Himeno (Fortran)
Learn how to use Codee to optimize Himeno, a fluid analysis simulation code, by parallelizing computations on CPU with OpenMP.
This guide was made using an Azure HBv4 machine and the AMD compilers. These steps have also been tested with GNU and Intel compilers, so you can follow allong by replacing the corresponding compilation flags.
Optimal performance is typically achieved using 48, 96, or 144 threads. To take a deeper look into de architecture of the machine used please visit the official Microsoft webpage, HBv4-series virtual machine overview
Prerequisites
Ensure you have:
- Access to an Azure machine and Codee installed on it.
- AMD flang compiler.
- The codee-demos repository on your machine.
To clone the necessary repository just execute the following on your terminal:
git clone https://github.com/codee-com/codee-demos.git
Getting started
First, navigate to the source code for Himeno:
cd codee-demos/Fortran/Himeno
Walkthrough
1. Explore the source code
For the optimization we will focus on this triple-nested do loop within himeno.f90
  do loop=1,nn
     gosa= 0.0
     do k=2,kmax-1
        do j=2,jmax-1
           do i=2,imax-1
              s0=a(I,J,K,1)*p(I+1,J,K) &
                   +a(I,J,K,2)*p(I,J+1,K) &
                   +a(I,J,K,3)*p(I,J,K+1) &
                   +b(I,J,K,1)*(p(I+1,J+1,K)-p(I+1,J-1,K) &
                               -p(I-1,J+1,K)+p(I-1,J-1,K)) &
                   +b(I,J,K,2)*(p(I,J+1,K+1)-p(I,J-1,K+1) &
                               -p(I,J+1,K-1)+p(I,J-1,K-1)) &
                   +b(I,J,K,3)*(p(I+1,J,K+1)-p(I-1,J,K+1) &
                               -p(I+1,J,K-1)+p(I-1,J,K-1)) &
                   +c(I,J,K,1)*p(I-1,J,K) &
                   +c(I,J,K,2)*p(I,J-1,K) &
                   +c(I,J,K,3)*p(I,J,K-1)+wrk1(I,J,K)

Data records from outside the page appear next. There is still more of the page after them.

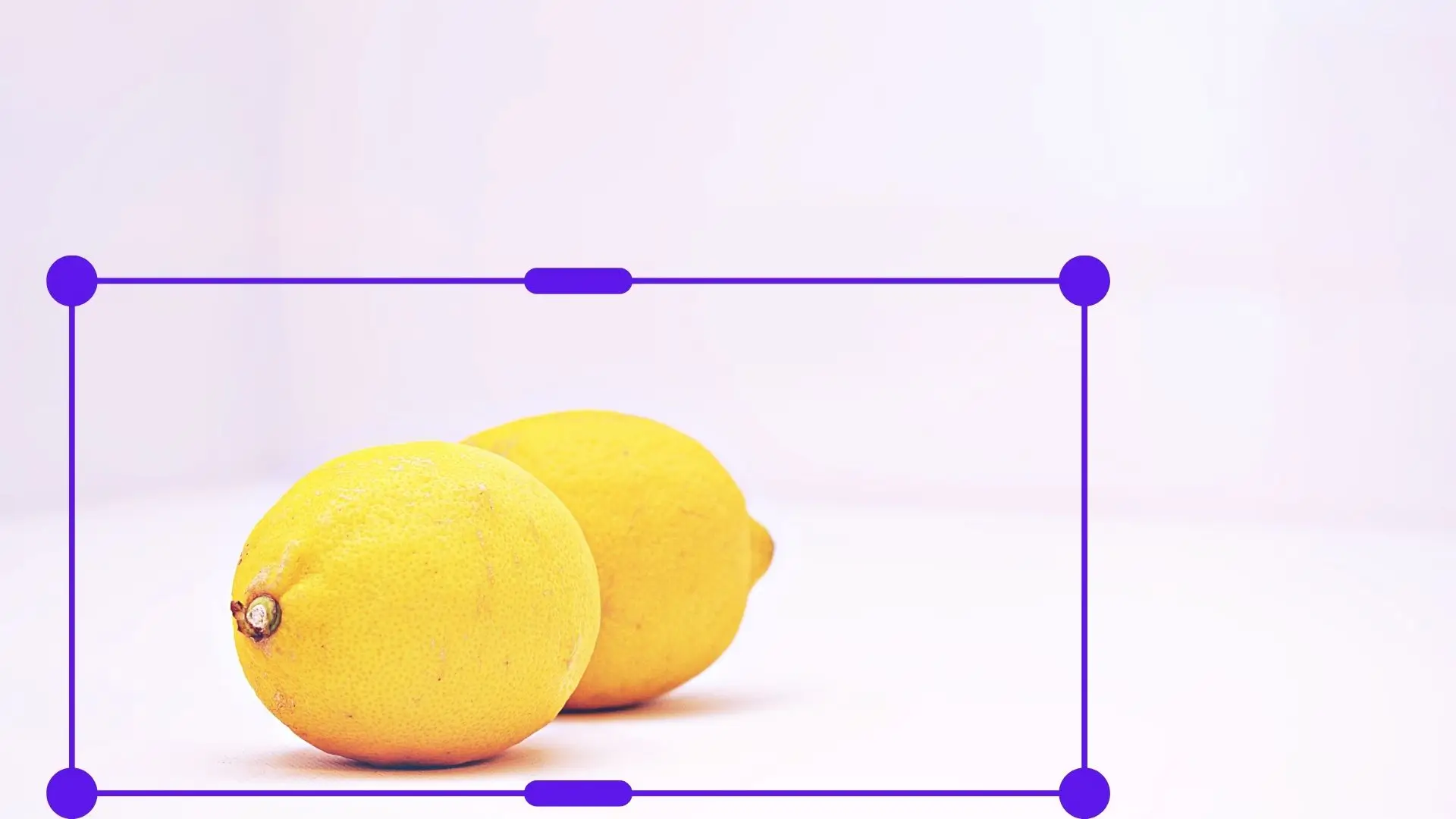 Two bright lemons displayed in a square frame, showcasing their vibrant yellow color and smooth texture.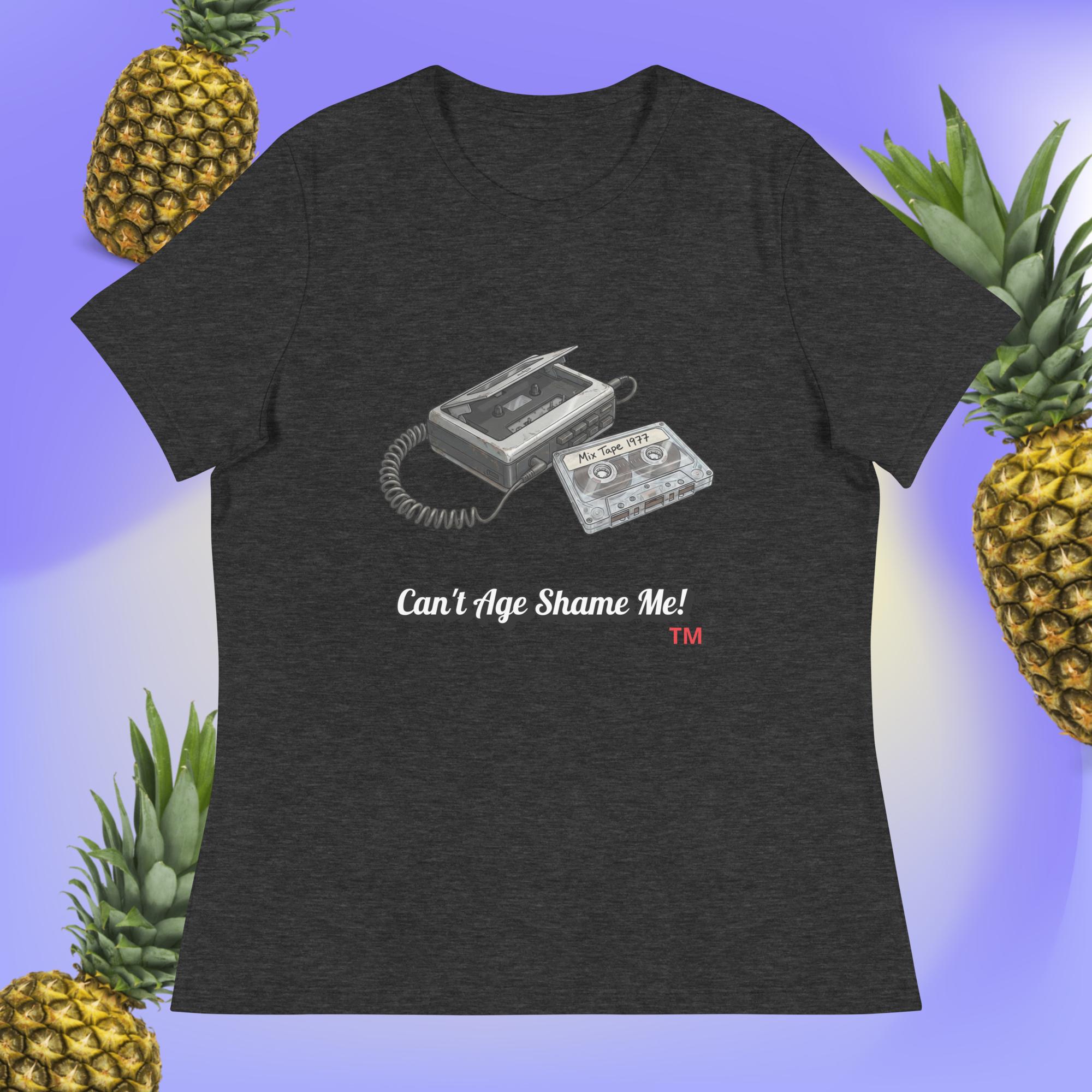 dark gray t-shirt with cassette tape design and text 'Can't Age Shame Me!' on a blue background with pineapples.
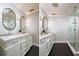 Updated bathroom with double vanity and walk-in shower at 2812 W Neptune St, Tampa, FL 33629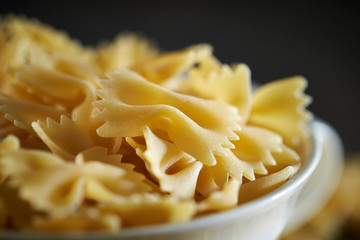 Dried farfalle pasta in cup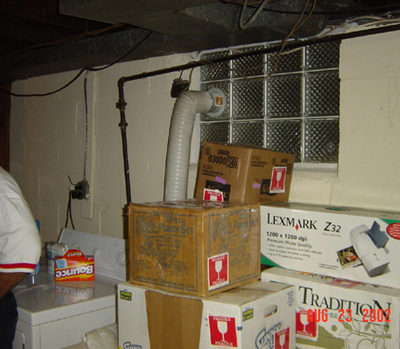 Man standing in a utility room with many boxes stacked up.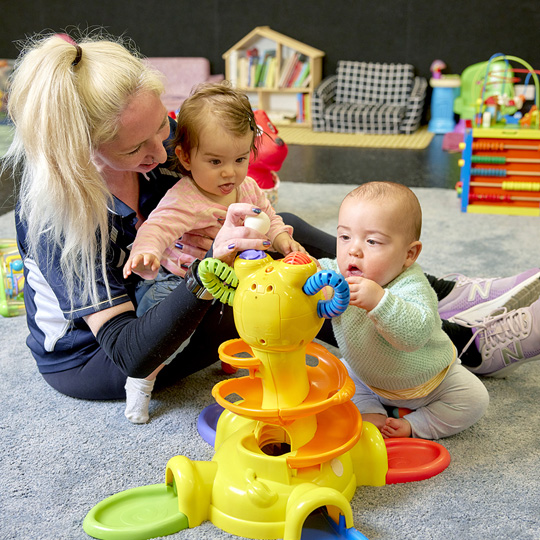  AKAC creche staff supervising 2 babies playing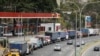 Camiones de remolque se alinean a lo largo de una avenida para llenar sus tanques en una estación de servicio en medio de la escasez de diesel, en Caracas, Venezuela. Marzo 5, 2021. Foto: Reuters.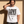 Love Never Ends tee, white, front print, man, hand on neck thigh up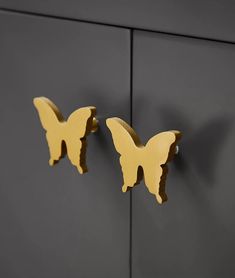 two yellow butterflies hang on the side of a gray cabinet with black doors and handles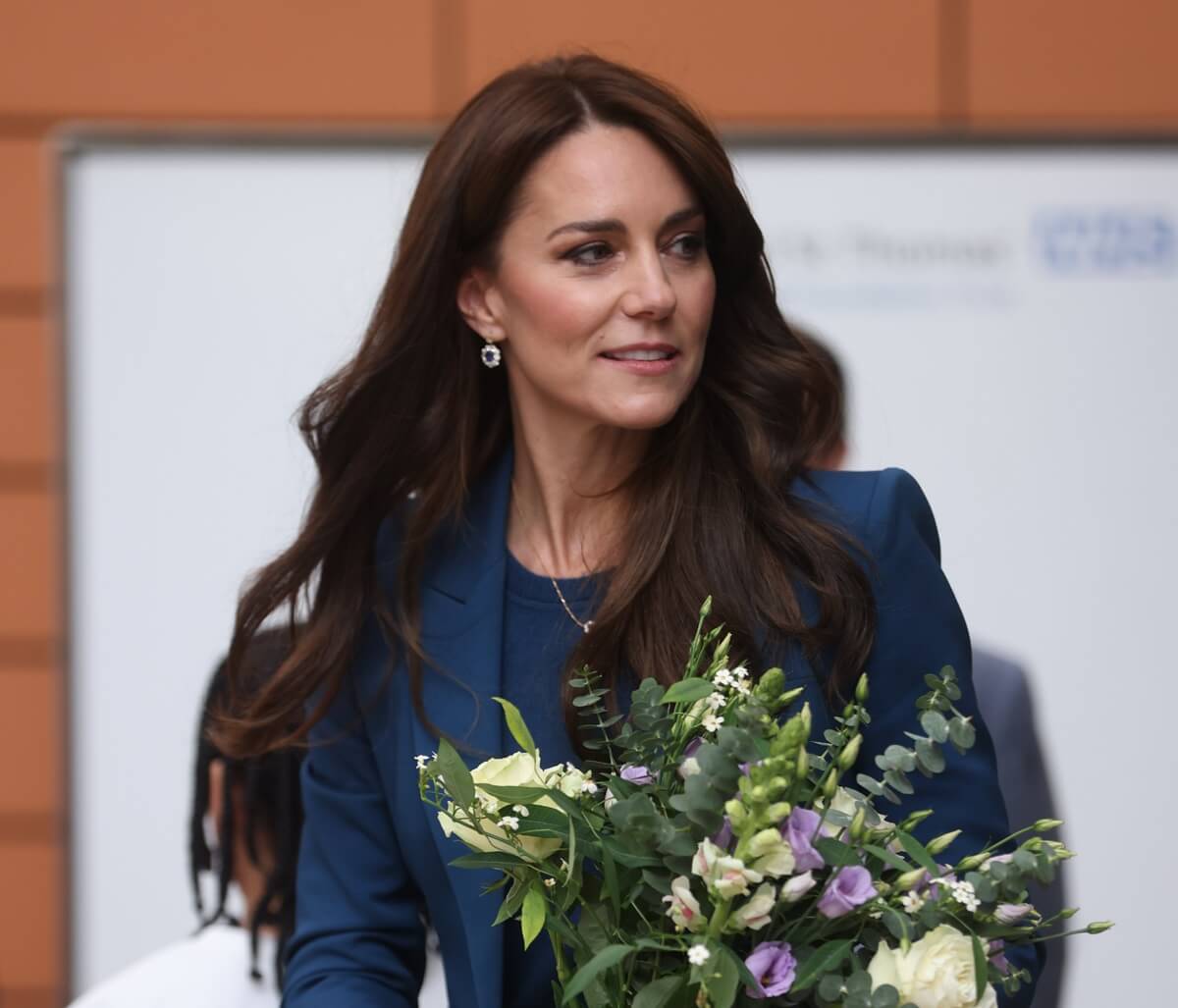 Kate Middleton is seen holding a bouquet of flowers during the opening of Evelina London's new children's day surgery unit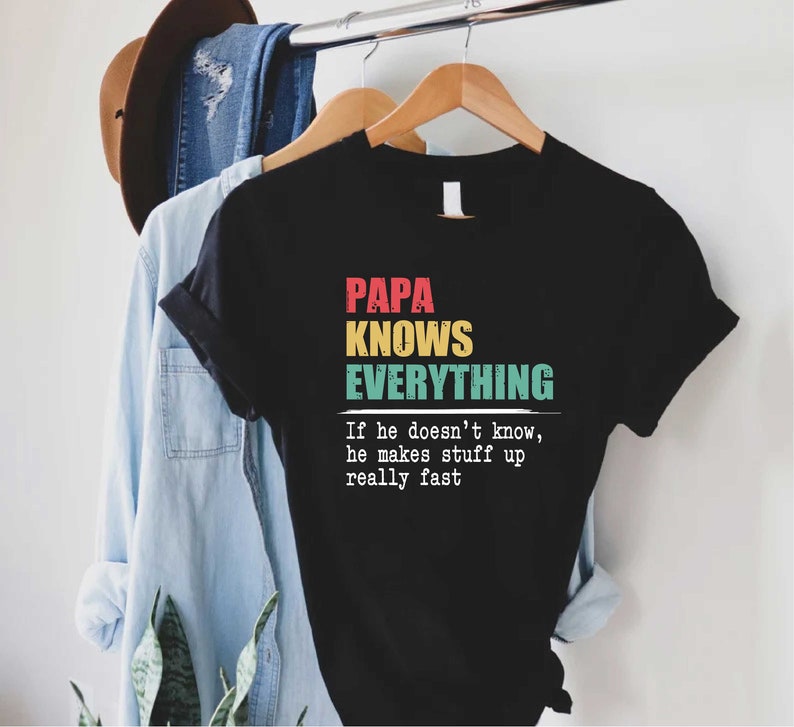 May include: Black t-shirt with the text "PAPA KNOWS EVERYTHING" in red, yellow, and teal. The shirt also includes the text "If he doesn't know, he makes stuff up really fast."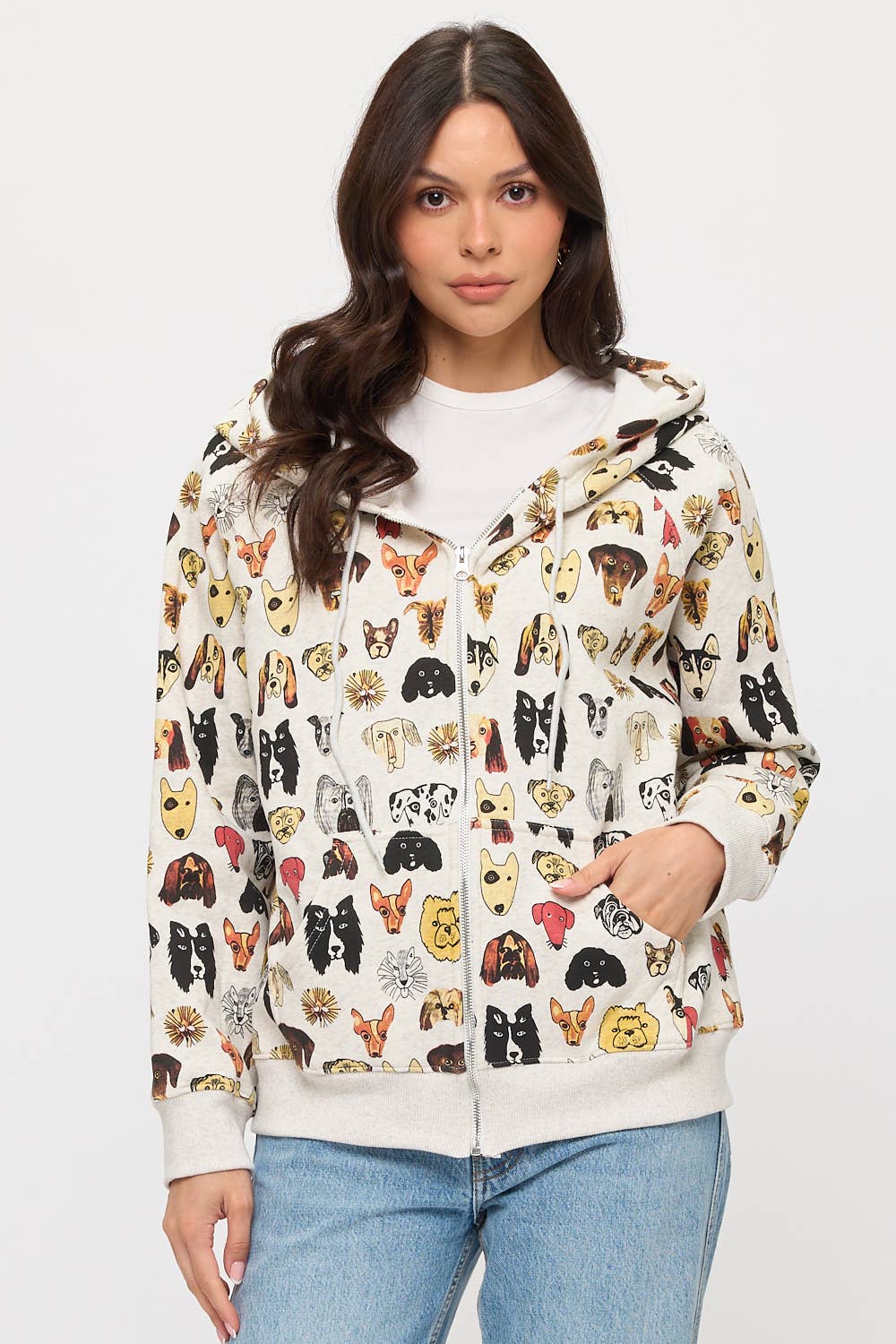 A woman with long, wavy dark hair models the COLORFUL DOG FACES PRINT ZIP UP HOODIE against a white background, pairing the playful dog lover apparel with light blue jeans.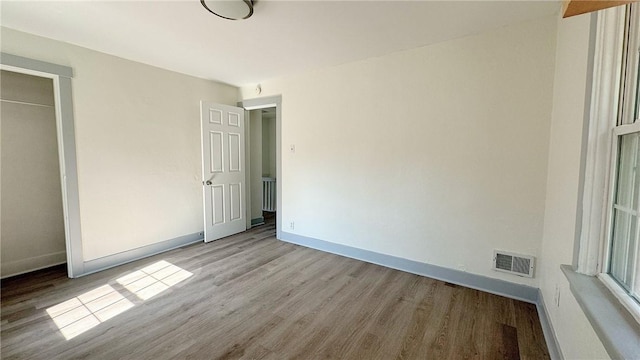 unfurnished bedroom featuring visible vents, baseboards, and wood finished floors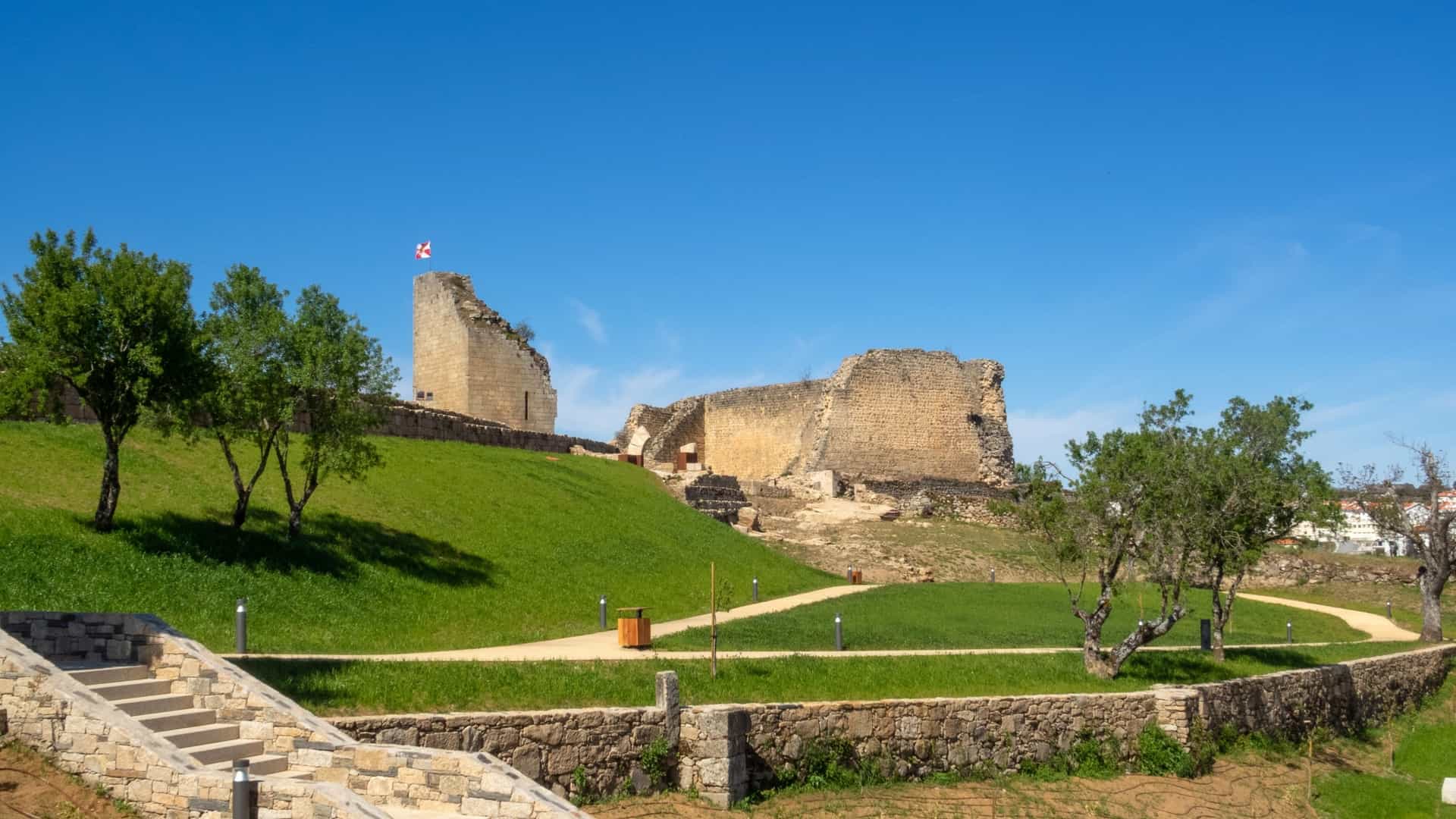A scenic, wide angle photo of the ruins of the Miranda do Douro Castle, located on a rocky cliff overlooking the Douro River on the border of Portugal (Trás os Montes region). The surviving walls and tower stand against a vast, bright blue sky with a few clouds, conveying the site's historic and strategic significance.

              ss=(s0*a(I,J,K,4)-p(I,J,K))*bnd(I,J,K)
              GOSA=GOSA+SS*SS
              wrk2(I,J,K)=p(I,J,K)+OMEGA *SS
           enddo
        enddo
     enddo
2. Run the checks report
It is recommended to run the screening report first to obtain a ranking of the checkers, which can help you decide which one to implement first.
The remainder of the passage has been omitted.